Connections to Other Concepts

vectors-and-matrices.md: Norms are defined on vector spaces; matrix norms generalize them to transformations. The dot product underlies cosine similarity.
matrix-decompositions.md: The spectral norm and Frobenius norm are defined through singular values. Low-rank approximation minimizes the Frobenius norm of the error.
cost-latency-optimization.md: Regularization terms (L1, L2) modify the loss landscape. The choice of norm affects the geometry of the constraint set and the resulting optimization.

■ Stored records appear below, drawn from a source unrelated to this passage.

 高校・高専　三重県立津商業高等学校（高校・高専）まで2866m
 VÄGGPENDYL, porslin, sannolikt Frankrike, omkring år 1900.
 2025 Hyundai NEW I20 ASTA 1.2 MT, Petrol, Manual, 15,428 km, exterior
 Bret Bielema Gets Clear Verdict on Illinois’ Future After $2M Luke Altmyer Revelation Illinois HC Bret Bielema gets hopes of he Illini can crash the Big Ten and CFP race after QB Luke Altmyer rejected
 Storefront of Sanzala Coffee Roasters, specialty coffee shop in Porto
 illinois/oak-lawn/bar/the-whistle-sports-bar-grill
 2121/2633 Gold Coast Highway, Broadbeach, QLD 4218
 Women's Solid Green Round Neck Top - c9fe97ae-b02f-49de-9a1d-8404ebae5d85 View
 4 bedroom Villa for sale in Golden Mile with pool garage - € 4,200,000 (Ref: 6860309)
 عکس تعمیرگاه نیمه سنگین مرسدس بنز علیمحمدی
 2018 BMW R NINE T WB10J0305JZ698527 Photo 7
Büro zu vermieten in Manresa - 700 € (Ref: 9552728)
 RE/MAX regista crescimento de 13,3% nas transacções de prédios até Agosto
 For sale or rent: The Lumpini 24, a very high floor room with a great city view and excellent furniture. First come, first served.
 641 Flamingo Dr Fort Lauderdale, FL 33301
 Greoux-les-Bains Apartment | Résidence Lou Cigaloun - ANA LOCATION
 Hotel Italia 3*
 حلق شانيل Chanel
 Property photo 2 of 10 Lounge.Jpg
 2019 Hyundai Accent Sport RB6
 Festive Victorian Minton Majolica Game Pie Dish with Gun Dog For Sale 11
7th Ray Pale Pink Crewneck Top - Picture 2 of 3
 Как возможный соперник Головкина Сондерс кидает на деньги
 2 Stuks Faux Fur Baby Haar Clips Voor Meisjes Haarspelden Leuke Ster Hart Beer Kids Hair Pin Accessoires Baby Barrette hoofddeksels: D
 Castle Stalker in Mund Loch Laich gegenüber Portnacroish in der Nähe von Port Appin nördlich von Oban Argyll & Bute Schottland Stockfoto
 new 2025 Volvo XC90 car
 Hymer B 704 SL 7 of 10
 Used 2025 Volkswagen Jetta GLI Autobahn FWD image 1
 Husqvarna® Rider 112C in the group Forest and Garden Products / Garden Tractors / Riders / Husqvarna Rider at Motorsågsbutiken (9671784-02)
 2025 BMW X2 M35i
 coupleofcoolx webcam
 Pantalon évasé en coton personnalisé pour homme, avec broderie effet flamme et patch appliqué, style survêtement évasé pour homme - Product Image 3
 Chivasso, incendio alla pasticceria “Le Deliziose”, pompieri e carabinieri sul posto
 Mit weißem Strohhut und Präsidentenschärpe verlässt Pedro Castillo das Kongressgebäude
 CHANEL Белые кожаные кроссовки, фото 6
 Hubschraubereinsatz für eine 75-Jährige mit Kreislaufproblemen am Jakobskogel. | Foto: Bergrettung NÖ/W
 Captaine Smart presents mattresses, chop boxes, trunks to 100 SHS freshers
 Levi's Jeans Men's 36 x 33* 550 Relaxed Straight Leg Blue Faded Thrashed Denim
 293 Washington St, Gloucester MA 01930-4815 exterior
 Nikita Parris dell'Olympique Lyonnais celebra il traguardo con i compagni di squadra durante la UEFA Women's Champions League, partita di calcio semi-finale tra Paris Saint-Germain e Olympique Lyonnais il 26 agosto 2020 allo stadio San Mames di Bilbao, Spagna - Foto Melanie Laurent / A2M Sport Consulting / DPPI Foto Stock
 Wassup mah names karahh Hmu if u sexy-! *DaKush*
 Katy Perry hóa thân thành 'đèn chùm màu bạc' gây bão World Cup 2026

maximum-likelihood-estimation.md: L2 regularization corresponds to a Gaussian prior; L1 to a Laplace prior. Regularized MLE is MAP estimation.
probability-fundamentals.md: Mahalanobis distance is defined through the covariance matrix and appears in the exponent of the multivariate Gaussian.
information-theory.md: KL divergence measures distributional "distance" and complements geometric norms that measure feature-space distance.